*Data for analysis:*
Start of Block
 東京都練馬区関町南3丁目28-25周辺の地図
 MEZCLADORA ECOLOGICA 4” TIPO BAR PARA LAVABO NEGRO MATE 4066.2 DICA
End of Block
Start of Block
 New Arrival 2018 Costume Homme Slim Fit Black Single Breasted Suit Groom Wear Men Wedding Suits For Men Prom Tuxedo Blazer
End of Block
Start of Block
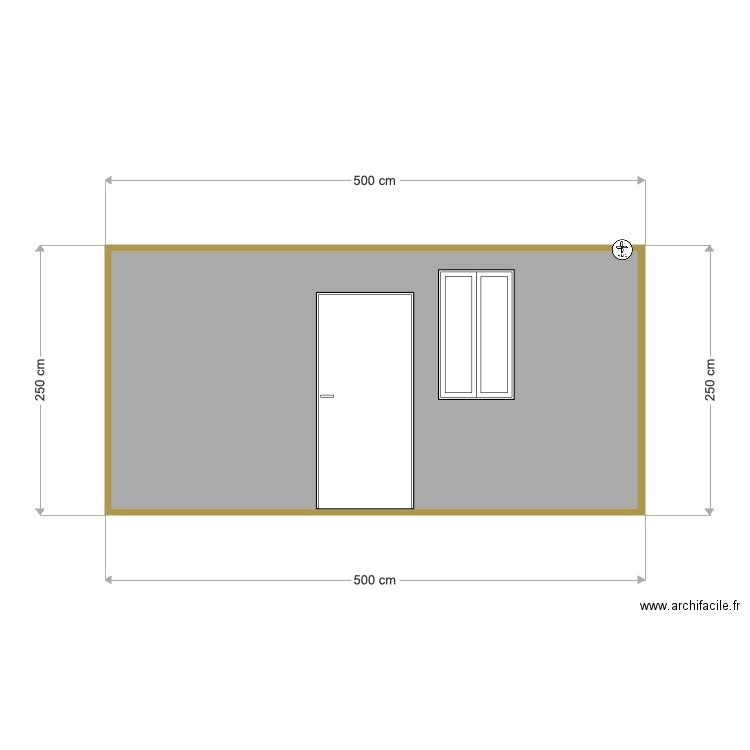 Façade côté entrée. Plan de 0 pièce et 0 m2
End of Block
*Problem statement:*
Could you set down, word for word, only the lines above from the line with "東京都練馬区関町南3丁目28-25周辺の地図" to the line with "MATE 4066.2 DICA", including both?

*Answer to the problem:*
 東京都練馬区関町南3丁目28-25周辺の地図
 MEZCLADORA ECOLOGICA 4” TIPO BAR PARA LAVABO NEGRO MATE 4066.2 DICA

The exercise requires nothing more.